PARLIAMENT - Finance Minster Tito Mboweni on Wednesday laid bare the grim metrics of the country's finances, with growth expectations slashed to 0.5 percent for the year, in a medium-term budget policy statement tabled two days before Moody's will indicate if it is ready to maintain South Africa's last investment-grade credit rating.
The minister put the consolidated budget deficit at 5.9 percent of GDP for the year and told members of Parliament (MPs): "Clearly, we need to do things differently. This is a serious position to be in.... there is no status quo option!"
Crucially, he warned that carrying on in the current mode would see the debt to gross domestic product (GDP) ratio cross another danger line of 70 percent by 2022/23.
Had planned savings of R250 billion materialised, it would have contained this to a relatively "sweet spot" of 64 percent. The only way forward now was belt-tightening, Mboweni said.
"The consequence of not acting now would be gravely negative for South Africa. Over time, the country would likely face mounting debt service costs and higher interest rates and may enter a debt trap."
He cautioned that this would worsen unemployment, which has reached an 11-year high of 29.1 percent.
The minister at a media briefing just before his speech to the National Assembly called on Reserve Bank Governor Lesetja Kganyago to explain the approach to the Moody's review and the risk of a downgrade.
Kganyago
said the ratings agency, the last to keep South Africa at investment grade, was not looking for window dressing but would rather make it's decision solely on whether it agreed with the government's policy decisions.
"All the ratings agency does is to asses whether, based on policy direction, you are willing to repay the debt," Kganyago said.
Should Moody's downgrade the country on Friday, the consequence will be felt through there will be an outflow of funds from the South African bond markets, the investment will become speculative in nature, debt costs will rise and every household will feel pain as interest rates and inflation rises, he said.
Kganyago
is on record as saying he believed a downgrade may already be priced into the markets, and therefore if Moody's held off on a downgrade on Friday, the country could see a positive upswing.
Mboweni caused a small ripple when he said he believed government needed to review the usefulness of having a medium-term budget policy statement, a measure introduced in 1997.
But he acknowledged that it gave time to reflect, and a few months to act before he tabled the national budget in February.
The minister said it was now critical to address fiscal leakage, which he said were "all over the place".
In response, national treasury has identified spending reductions of R21 billion in 2020/21 and R29 billion in the following year, mostly in terms of services and goods and transfers.

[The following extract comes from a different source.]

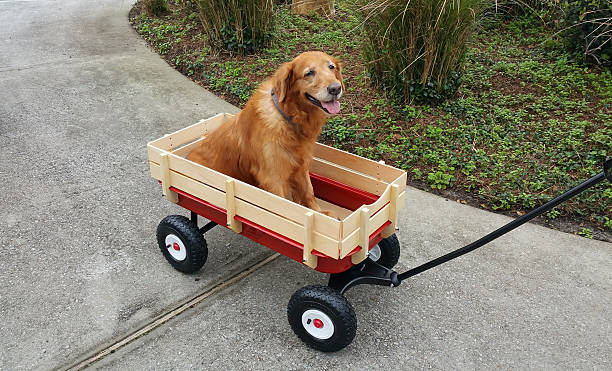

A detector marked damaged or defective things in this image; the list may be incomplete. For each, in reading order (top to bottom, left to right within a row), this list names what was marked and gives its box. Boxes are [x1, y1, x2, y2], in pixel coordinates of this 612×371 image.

crack in pavement [62, 254, 280, 370]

Trimming spending would include cell phone bill allowances, cheaper plane tickets for public office bearers -- who will be restricted to economy class when they travel domestically -- and cheaper official cars, with Mboweni saying he was mulling a top limit of R800,000 for ministerial vehicles. To illustrate the kind of money thrown about in the public service, he said he had commissioned an audit of the annual cost of cell phones and it came to R5 billion, adding that state employees could finance their own phones and if they saw fit, claim for work calls.
But the minister acknowledged that as ever his biggest headache lay in the public service wage bill -- which consumers R46 out of every R100 collected by the revenue service -- and the endless strain placed on the country's finances by state-owned enterprises.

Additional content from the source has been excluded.